WASHINGTON.— En menos de dos meses, los ataques de Estados Unidos a narcolanchas en el Pacífico dejaron de ser un asunto lejano del Caribe venezolano para convertirse en un foco de tensión a 400 millas de las costas mexicanas.
Lo que comenzó como una ofensiva militar contra rutas de contrabando se transformó en una escalada diplomática y geopolítica que involucra directamente a México y amenaza con reconfigurar la seguridad del hemisferio.
El secretario de Guerra estadounidense, Pete Hegseth, informó que, por orden de Donald Trump, su país llevó a cabo un nuevo ataque “cinético y letal” contra un buque sospechoso en el Pacífico oriental.
Cuatro personas murieron, “narcoterroristas”, según el comunicado, sin que se presentaran pruebas ni identidades. El Pentágono aseguró que el ataque ocurrió en aguas internacionales y que ningún militar estadounidense resultó herido.

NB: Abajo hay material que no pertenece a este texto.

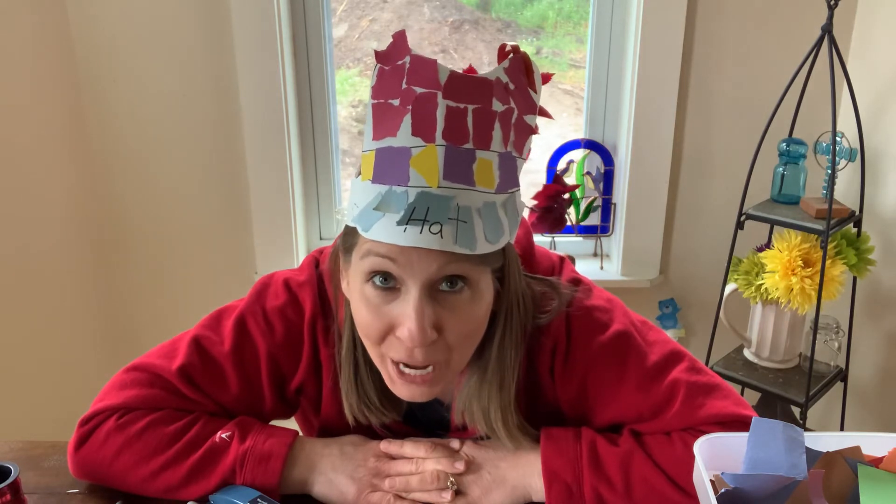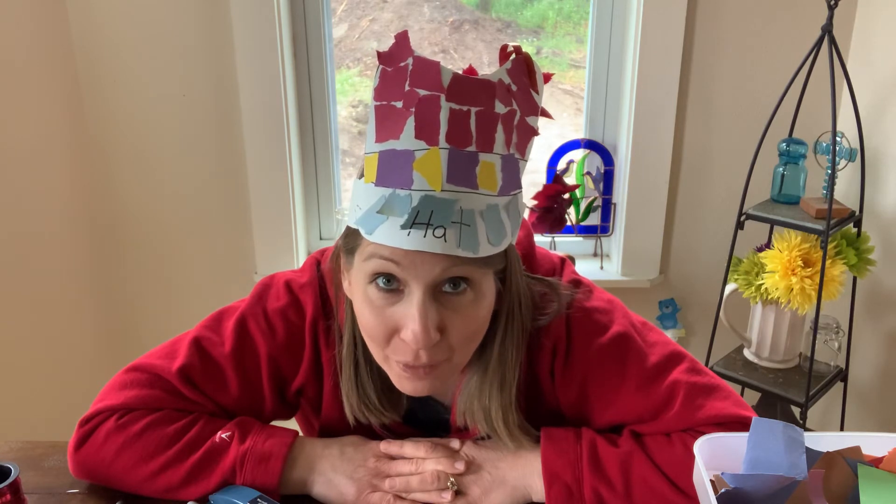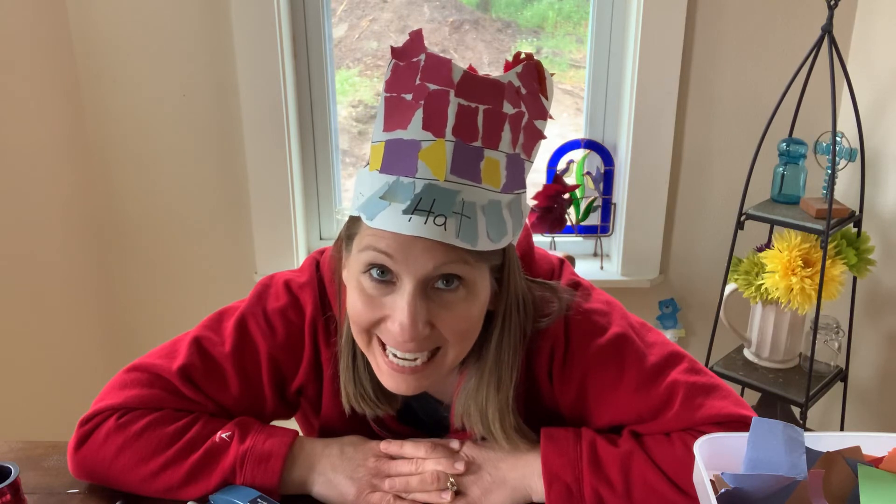What would be really fun is if you made a hat for each person in your family and they all wore their hat at dinner. Or you could have a hat parade after dinner with all of the hats. Whatever you decide to do, have fun with it and enjoy the time making the hat with somebody that you love.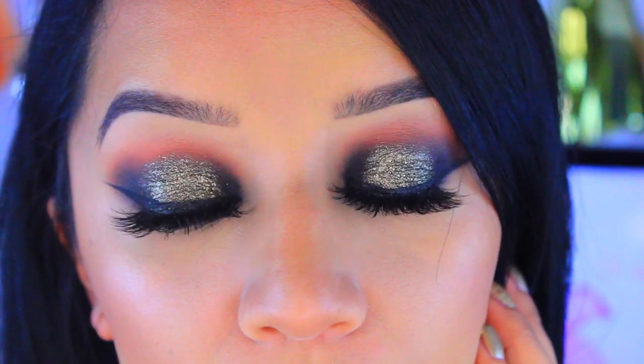To finish off the face I'm going to take this NYX Liquid Suede Cream Lipstick in Sandstorm. So this is the final look — I really hope you guys enjoy it! If you do, don't forget to give me a thumbs up. Thank you guys so much for watching, don't forget to subscribe to my channel if you haven't, and I'll see you guys in my next video. Bye!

Horas antes, Hegseth había reportado otros tres ataques en la misma zona, con 14 muertos y un sobreviviente. Según el propio funcionario, “las autoridades mexicanas asumieron la coordinación del rescate”, una versión que México desmintió parcialmente y que derivó en una reacción inusual de la presidenta Claudia Sheinbaum, quien expresó abiertamente su rechazo a este tipo de operativos y citó al embajador estadounidense Ronald Johnson a la Secretaría de Relaciones Exteriores.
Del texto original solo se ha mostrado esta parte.